Knowledge

In consideration of performance and cost-friendliness, the most appropriate fin material for finned block heat exchangers is Aluminum. Aluminum is more advantageous for its high transmission, resistance and lightness as well as being cheap and easily accessible. However, in highly corrosive environments that are acidic, salty or with water, Aluminum fins can in time degrade to such an extent that they can not provide the required potential. In such severe conditions, special coating materials are used to extend the useful life of the exchanger.

The most commonly used coating material for protecting metal surfaces from salty or acidic environments is epoxy. The resistance of epoxy coated Aluminum to corrosion delivers satisfying results in many industrial applications commonly encountered in practical applications. The epoxy coating method is used as the most economical and effective method particularly in protecting metal surfaces exposed to the corrosive influence of the humid and salty air in regions with marine climates.

Various experiments have been conducted on various epoxy samples in order to determine the performance of epoxy coated Aluminum as fin material in heat exchangers. Tests conducted in accordance with ASTM B117(5% NaCI, 35°C) indicate that the resistance of epoxy coated Aluminum samples to corrosion to a salty environment is such that it will enable them to last 4-7 times as long as non coated Aluminum. The resistance of epoxy coating to diluted acids (2% HCI, 2% H₂S0₄) is also quite high. The loss of mass in epoxy samples immersed in trichloroethylene for 5 minutes is below 1%. When coated with epoxy, Aluminum also exhibits perfect resistance to water vapour. No change has been observed in epoxy samples kept for 15 minutes at 200°C. All these attributes clearly demonstrate the importance of epoxy coating in exchangers used in salty and acidic environments.
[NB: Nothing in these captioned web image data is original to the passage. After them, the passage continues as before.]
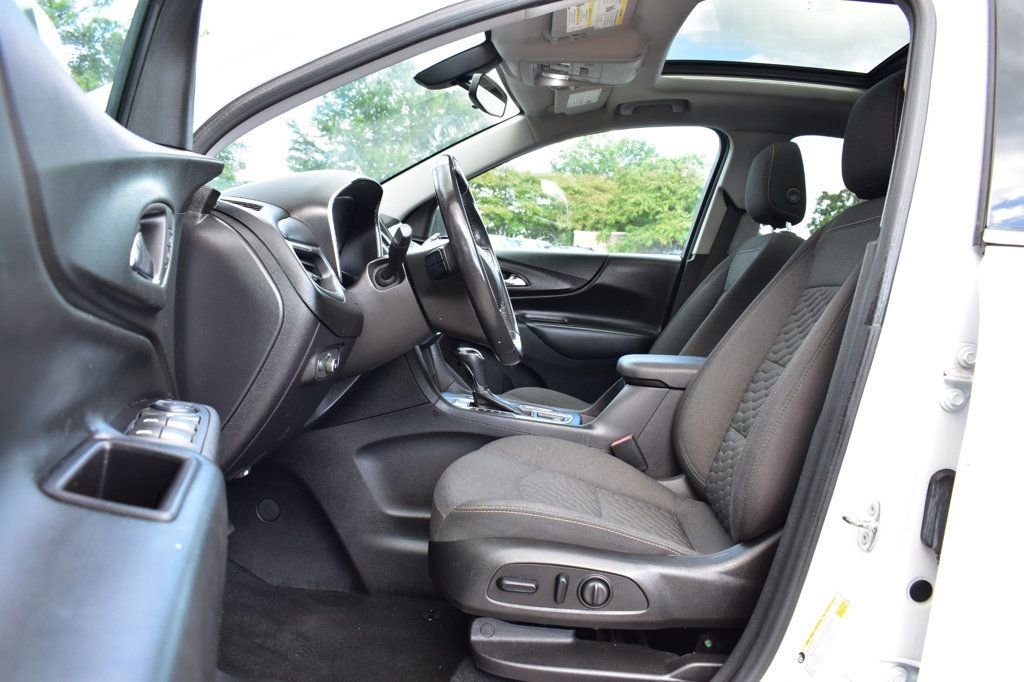 Used 2018 Chevrolet Equinox LT image 18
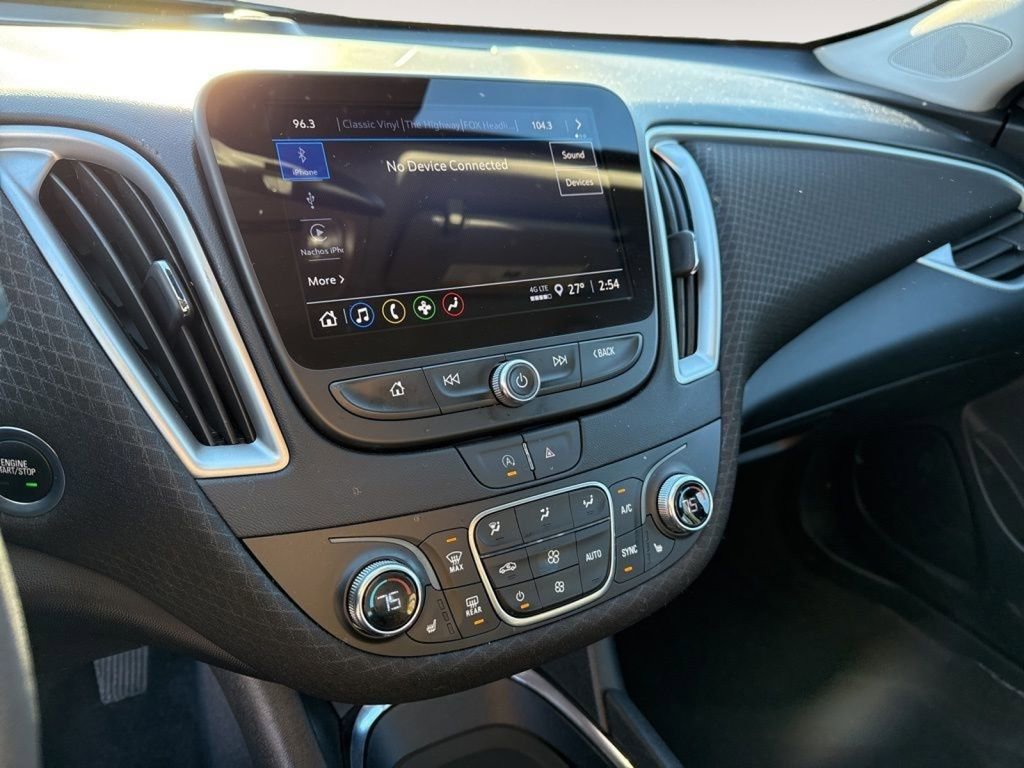 Used 2024 Chevrolet Malibu LT image 31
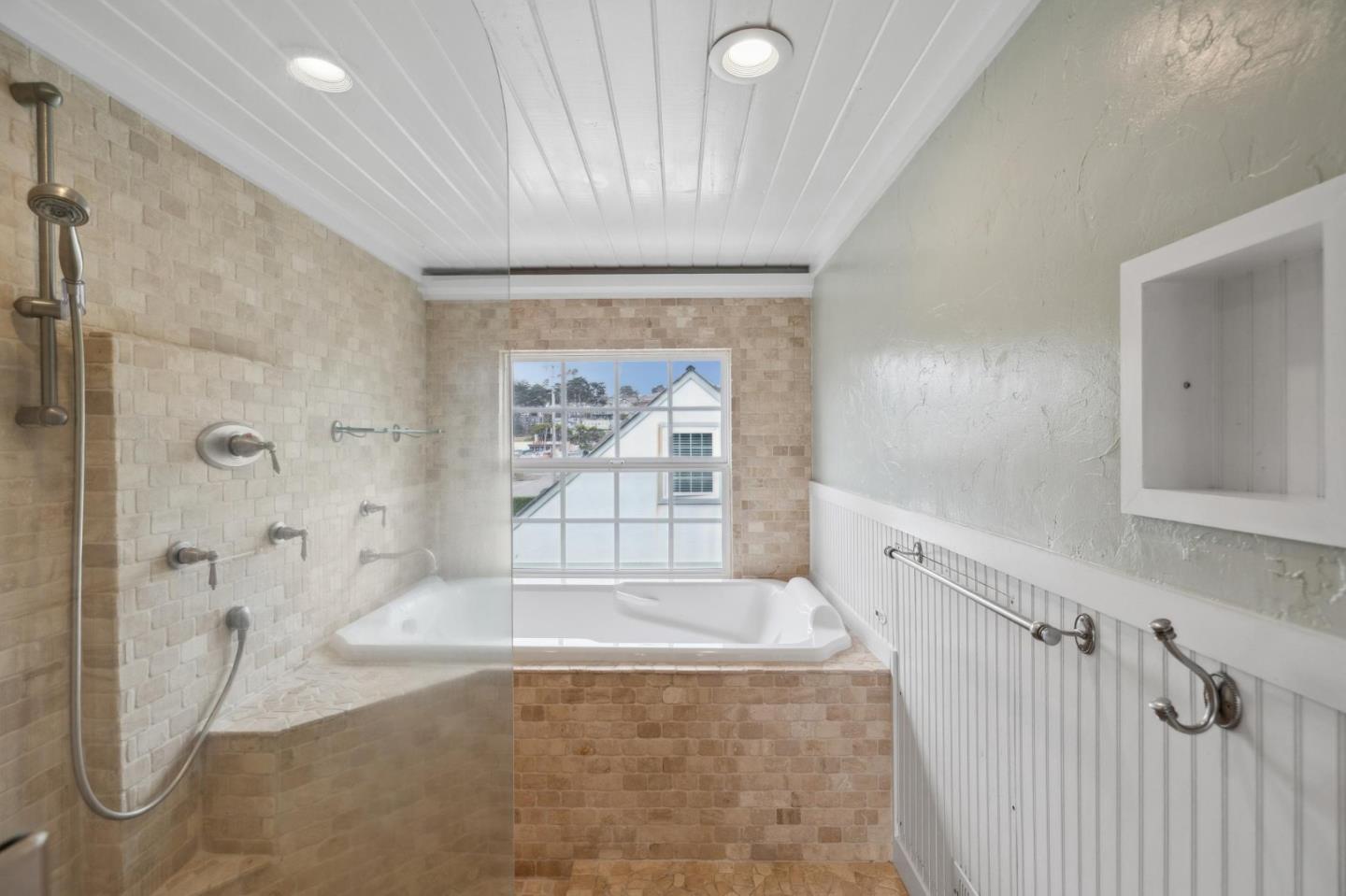 Detail Gallery Image 29 of 44 For 450 Virginia Ave, Moss Beach,  CA 94038 - 3 Beds | 2 Baths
In cases where the corrosive effect of liquid water is a more important factor than that of acid and salt, the need arises for a coating on which the water can be removed without staying on the fin for long. These coatings are classified under the general term of hydrophilic. This term is used to represent materials that are not easily wetted and they enable the fluid to flow easily off the surface. Hydrophilic coatings are particularly effective in environments of excessive condensation, to protect the exchanger from the corrosive effect of water. Water collects on the uncoated surface of the metal in large droplets. This leads to corrosion of the metals by the droplets, with the aid of the air flowing over the fins. Furthermore, the accumulated water droplets pose a resistance to the air flow and have a detrimental effect on the capacity of the exchanger. In order to prevent accumulation of water droplets on the surface, the friction coefficient between the droplets and the surface should be decreased. Hydrophilic coating, by virtue of low surface tension, enables water droplets to flow off the surface without facing a lot of resistance. On coated surfaces, due to the low angle by which the droplets wet the fin surface, water does not conglomerate in large droplets and disperses easily. Thus undesired accumulation is prevented and long operation of the exchanger at high performance is ensured. The controlled removal of the condensed water from the system is highly beneficial in protecting the other peaces within the system from the harmful effects of water as well.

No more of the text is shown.